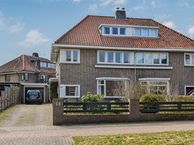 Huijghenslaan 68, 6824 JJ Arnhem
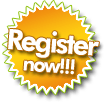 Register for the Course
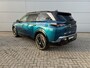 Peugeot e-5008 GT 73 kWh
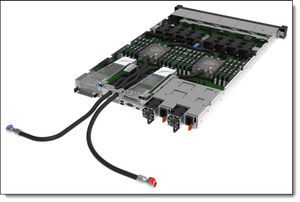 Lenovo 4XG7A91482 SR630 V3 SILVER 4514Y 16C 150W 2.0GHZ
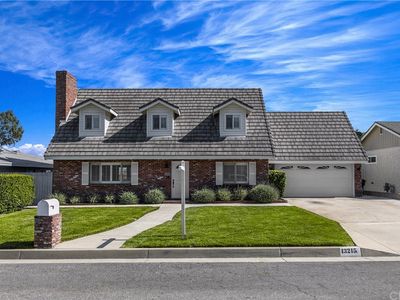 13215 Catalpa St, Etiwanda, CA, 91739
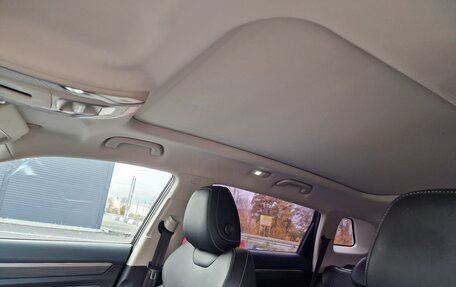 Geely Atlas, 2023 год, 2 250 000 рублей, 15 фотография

#### YOUR GOAL:
Copy every entry exactly; drop the pictures.

#### ANSWER TO THE EXERCISE:
 Huijghenslaan 68, 6824 JJ Arnhem
 Register for the Course
 Peugeot e-5008 GT 73 kWh
 Lenovo 4XG7A91482 SR630 V3 SILVER 4514Y 16C 150W 2.0GHZ
 13215 Catalpa St, Etiwanda, CA, 91739
 Geely Atlas, 2023 год, 2 250 000 рублей, 15 фотография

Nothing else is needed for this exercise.